DATA:
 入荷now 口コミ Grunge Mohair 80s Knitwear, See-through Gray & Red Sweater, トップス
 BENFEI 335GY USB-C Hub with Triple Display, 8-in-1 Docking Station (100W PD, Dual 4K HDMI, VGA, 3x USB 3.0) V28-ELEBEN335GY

---

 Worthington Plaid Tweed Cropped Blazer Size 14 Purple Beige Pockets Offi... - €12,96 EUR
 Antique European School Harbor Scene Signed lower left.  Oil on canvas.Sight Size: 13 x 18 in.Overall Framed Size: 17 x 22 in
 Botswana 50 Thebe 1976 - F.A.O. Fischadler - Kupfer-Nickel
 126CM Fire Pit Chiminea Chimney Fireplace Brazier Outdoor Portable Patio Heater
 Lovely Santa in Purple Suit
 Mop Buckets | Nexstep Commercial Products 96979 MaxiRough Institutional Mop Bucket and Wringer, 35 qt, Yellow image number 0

TASK DIRECTIONS: The word to find is "Purple". Copy every line of the data that holds it.

OUTPUT FOR THIS EXERCISE:
 Worthington Plaid Tweed Cropped Blazer Size 14 Purple Beige Pockets Offi... - €12,96 EUR
 Lovely Santa in Purple Suit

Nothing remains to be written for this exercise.